» WORK ORDER
Scan the entries below for the word "Bedroom" and copy every line where it turns up.
(DATA TO PROCESS Opens)
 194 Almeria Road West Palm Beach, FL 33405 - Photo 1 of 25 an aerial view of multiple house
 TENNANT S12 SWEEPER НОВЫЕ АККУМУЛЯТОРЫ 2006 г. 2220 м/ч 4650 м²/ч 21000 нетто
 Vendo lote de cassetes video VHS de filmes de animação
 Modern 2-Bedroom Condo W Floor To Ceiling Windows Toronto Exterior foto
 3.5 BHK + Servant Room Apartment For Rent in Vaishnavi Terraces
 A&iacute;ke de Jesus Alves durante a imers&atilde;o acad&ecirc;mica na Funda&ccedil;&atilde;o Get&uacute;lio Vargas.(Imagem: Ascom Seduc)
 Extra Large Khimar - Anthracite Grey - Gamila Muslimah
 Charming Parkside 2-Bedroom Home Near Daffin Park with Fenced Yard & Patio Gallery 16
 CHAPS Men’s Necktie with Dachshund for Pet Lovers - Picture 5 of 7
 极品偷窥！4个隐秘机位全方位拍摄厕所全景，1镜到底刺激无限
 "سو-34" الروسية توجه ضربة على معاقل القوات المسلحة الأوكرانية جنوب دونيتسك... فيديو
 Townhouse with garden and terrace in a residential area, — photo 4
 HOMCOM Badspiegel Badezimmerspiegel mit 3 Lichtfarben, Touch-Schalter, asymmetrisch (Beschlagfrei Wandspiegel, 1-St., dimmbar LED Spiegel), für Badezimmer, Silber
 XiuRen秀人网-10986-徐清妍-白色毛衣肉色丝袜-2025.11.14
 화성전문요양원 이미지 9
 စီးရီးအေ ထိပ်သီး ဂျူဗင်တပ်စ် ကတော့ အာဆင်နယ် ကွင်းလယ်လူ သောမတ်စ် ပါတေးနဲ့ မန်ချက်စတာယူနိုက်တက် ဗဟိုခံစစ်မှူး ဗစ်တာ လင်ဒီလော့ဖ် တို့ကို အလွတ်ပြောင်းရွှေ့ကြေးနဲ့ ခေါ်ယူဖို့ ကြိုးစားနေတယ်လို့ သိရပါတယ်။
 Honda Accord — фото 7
(DATA TO PROCESS Closes)
» RESULT OF THIS TASK
 Modern 2-Bedroom Condo W Floor To Ceiling Windows Toronto Exterior foto
 Charming Parkside 2-Bedroom Home Near Daffin Park with Fenced Yard & Patio Gallery 16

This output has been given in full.